TRY IT.
In the material below, find the line with "Foto GEM DOG" and the line with "Pale Crag-Martin - ML627753320", then output both and every line between them exactly, omitting pictures.

RECORDS PROVIDED.
========================================================================
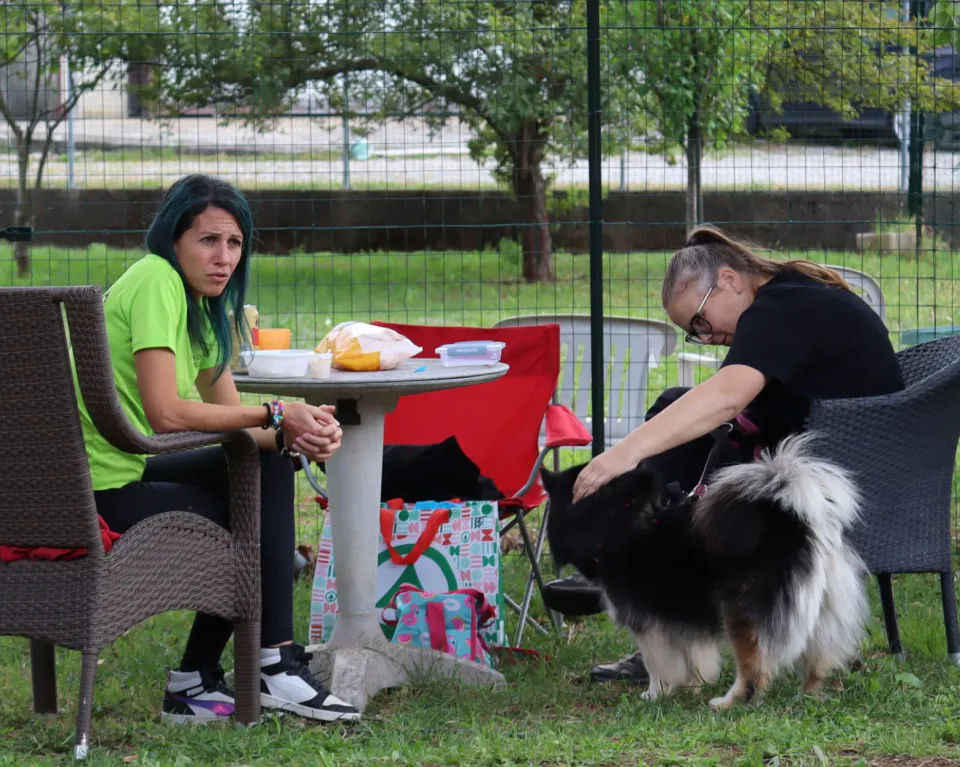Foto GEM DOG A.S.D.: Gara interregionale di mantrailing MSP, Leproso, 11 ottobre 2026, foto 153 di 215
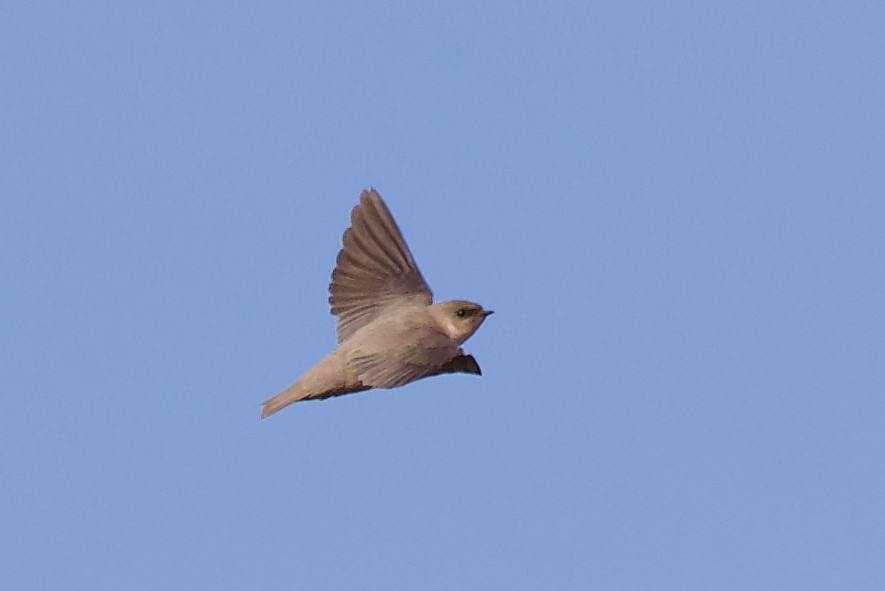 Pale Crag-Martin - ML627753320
========================================================================
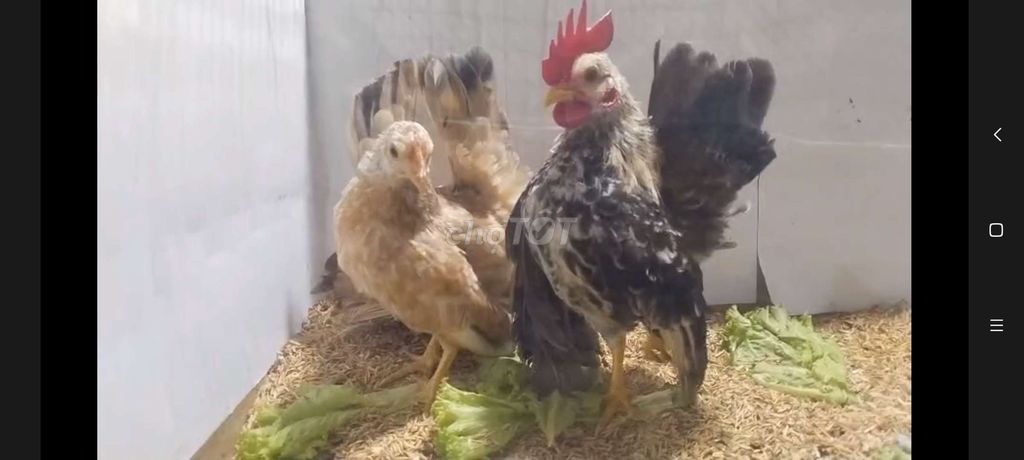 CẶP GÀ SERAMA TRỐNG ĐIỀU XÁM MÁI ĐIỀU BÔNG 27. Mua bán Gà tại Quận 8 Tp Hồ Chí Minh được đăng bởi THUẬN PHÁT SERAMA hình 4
========================================================================
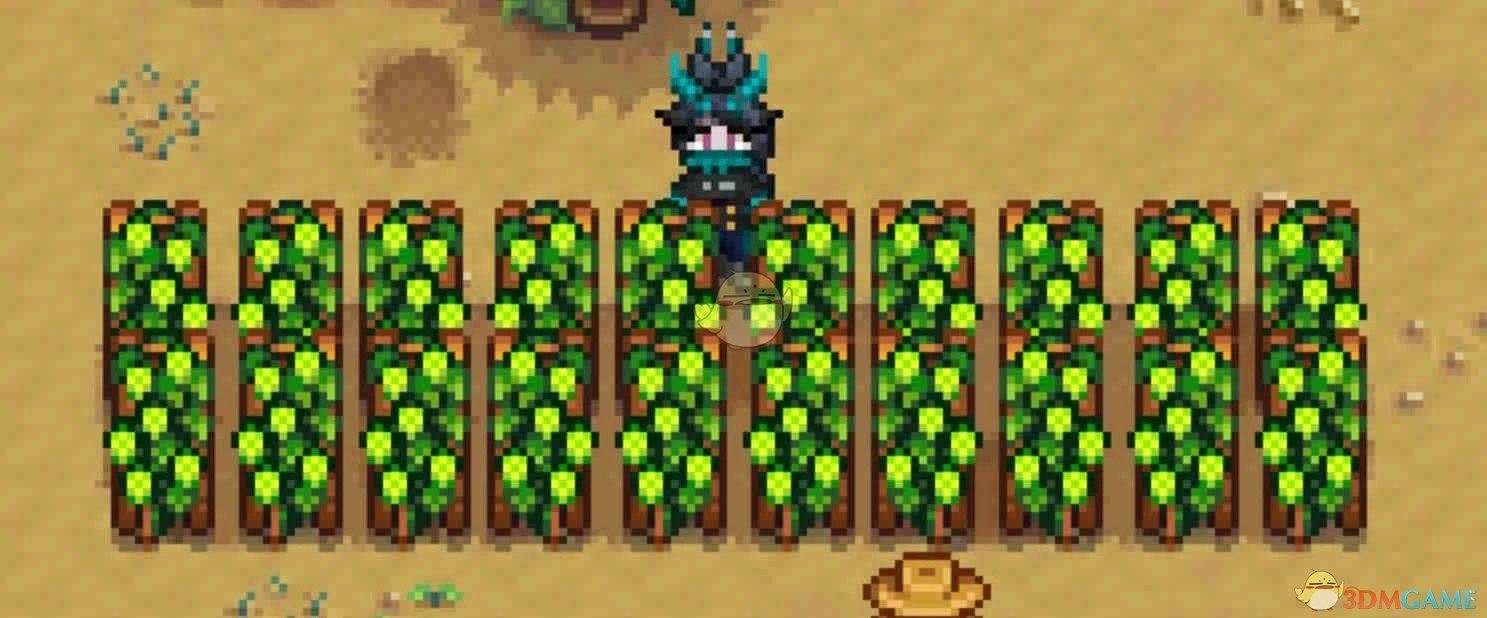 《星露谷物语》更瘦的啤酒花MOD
========================================================================
RESPONSE FOR THIS EXERCISE.
Foto GEM DOG A.S.D.: Gara interregionale di mantrailing MSP, Leproso, 11 ottobre 2026, foto 153 di 215
 Pale Crag-Martin - ML627753320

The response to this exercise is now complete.